[Task]:
Extract the records below word for word and ignore the images.

[Records for this exercise]:
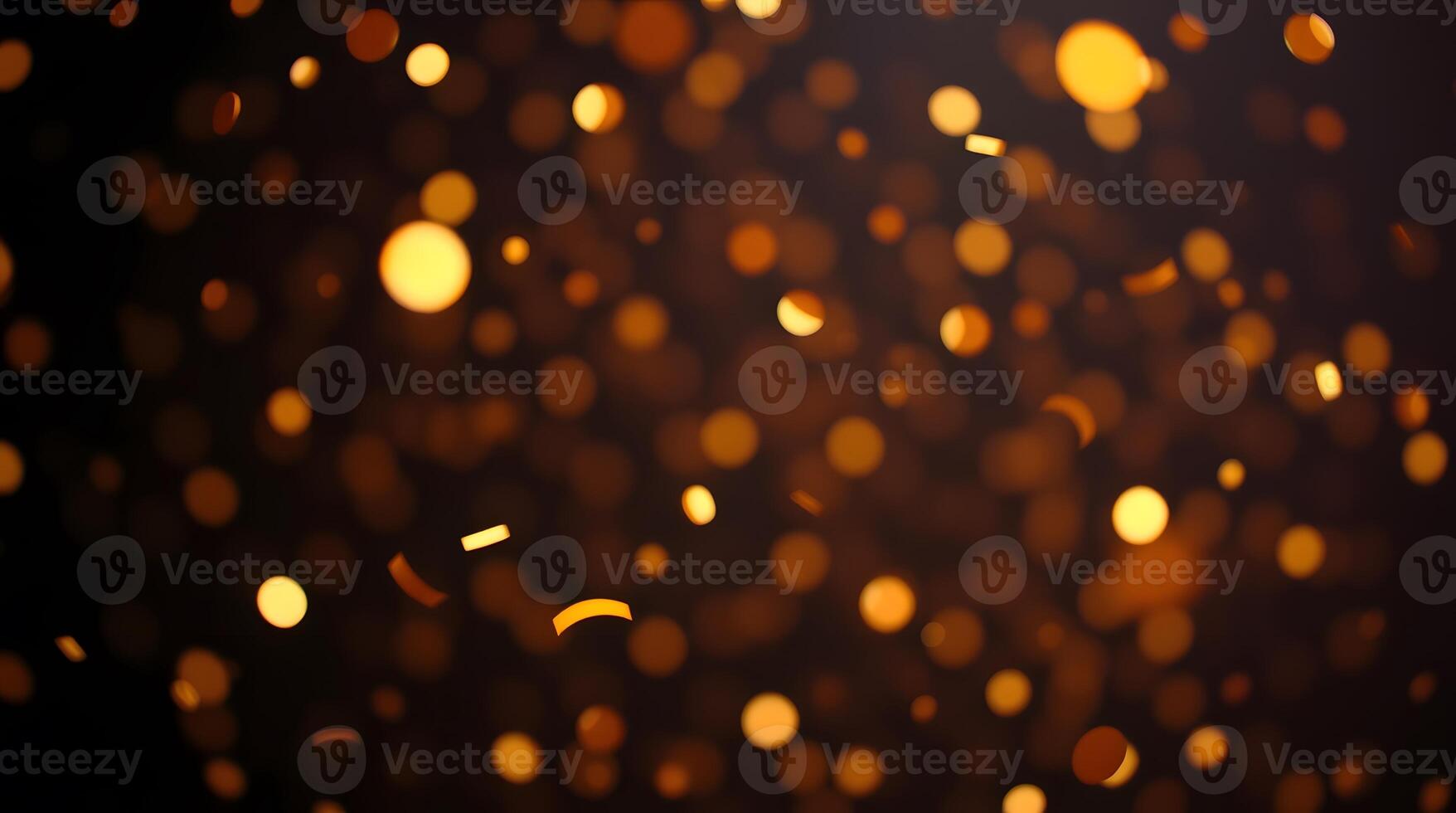 Golden lights on a black background photo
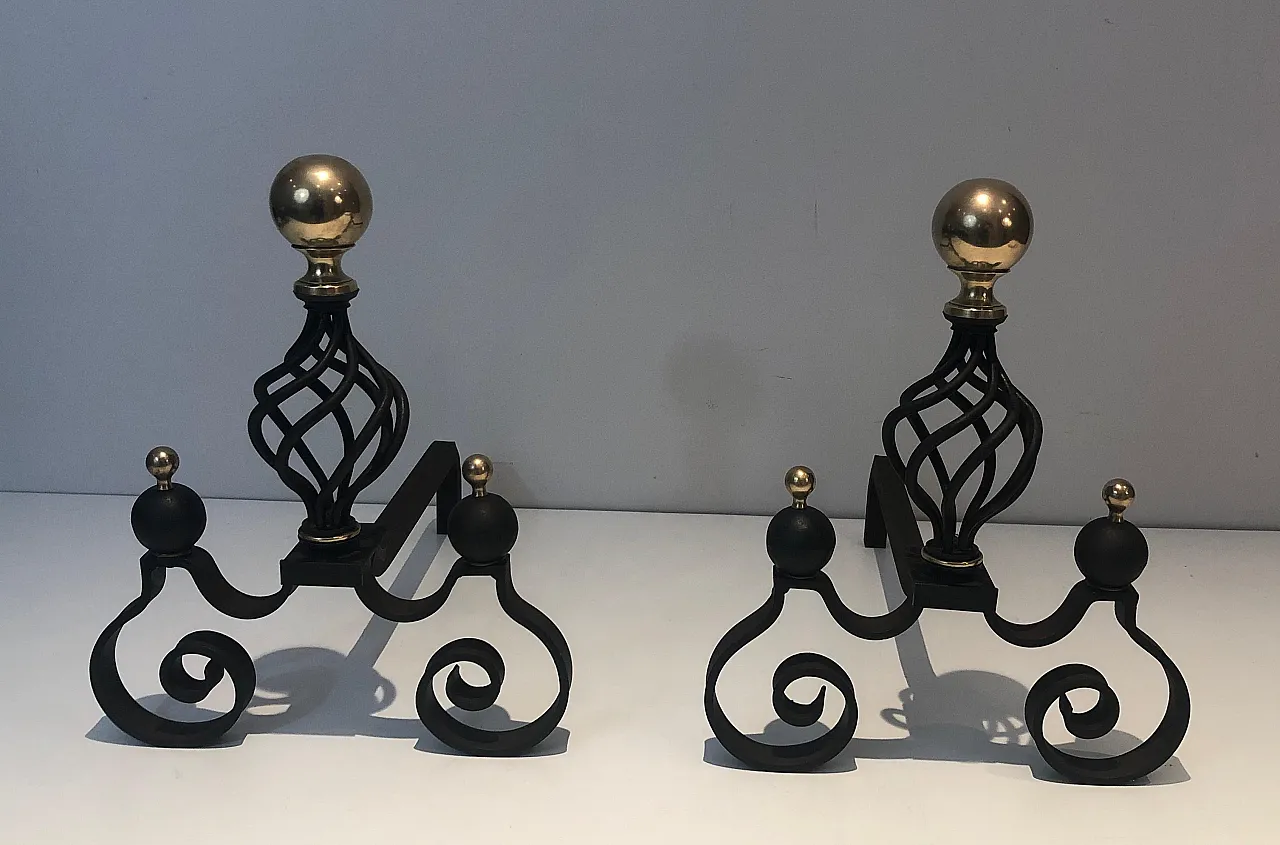 Pair of wrought iron and brass hallways, 1970s 19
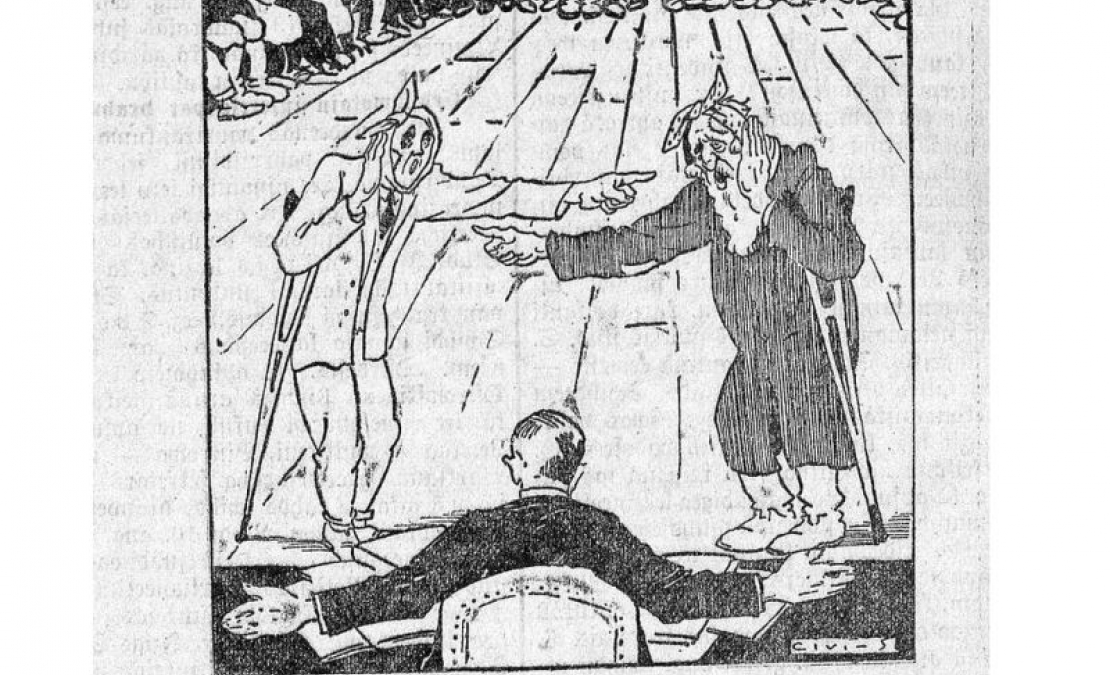 "Jaunāko Ziņu" karikatūra par Varakļānu prāvu. "Jaunāko Ziņu" karikatūra par Varakļānu prāvu.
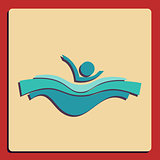symbol of swimming pool for web and mobile application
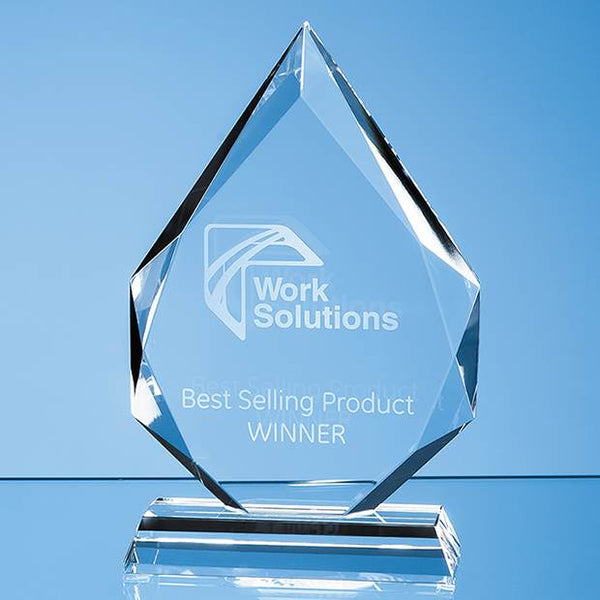 Branded 17cm x 12cm x 20mm Clear Glass Facetted Diamond Peak Award
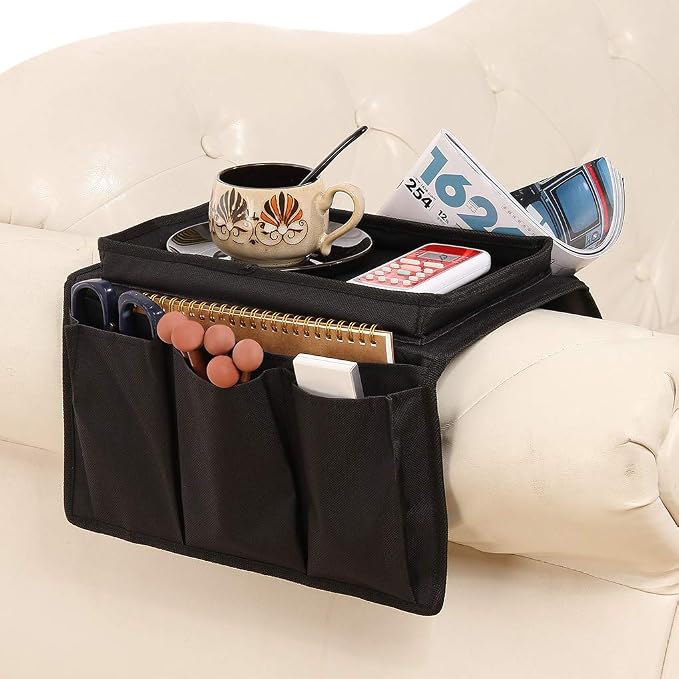 Non-Slip Armchair Caddy with Cup Holder Arm Rest Organizer TV Remote Control by BXT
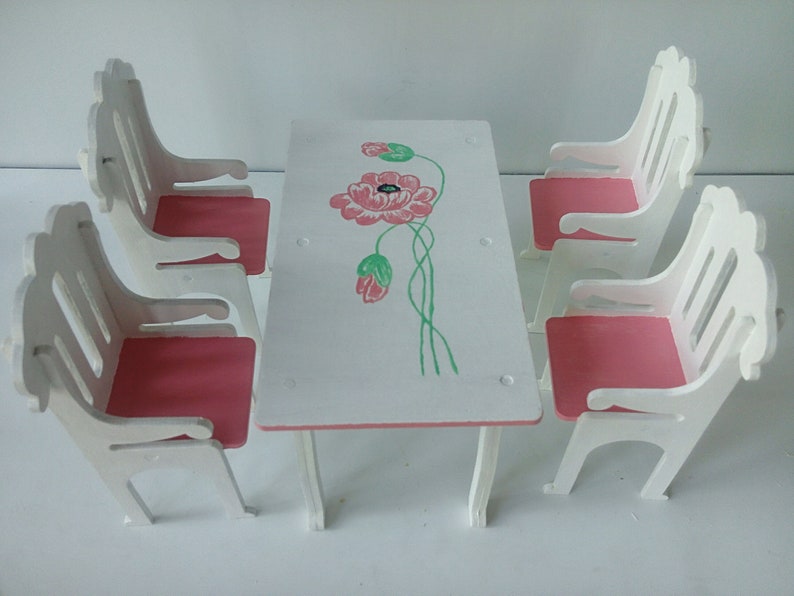 Barbie dining table Table with chairs for barbie Furniture Etsy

[Exercise result]:
 Golden lights on a black background photo
 Pair of wrought iron and brass hallways, 1970s 19
 "Jaunāko Ziņu" karikatūra par Varakļānu prāvu. "Jaunāko Ziņu" karikatūra par Varakļānu prāvu.
symbol of swimming pool for web and mobile application
 Branded 17cm x 12cm x 20mm Clear Glass Facetted Diamond Peak Award
 Non-Slip Armchair Caddy with Cup Holder Arm Rest Organizer TV Remote Control by BXT
 Barbie dining table Table with chairs for barbie Furniture Etsy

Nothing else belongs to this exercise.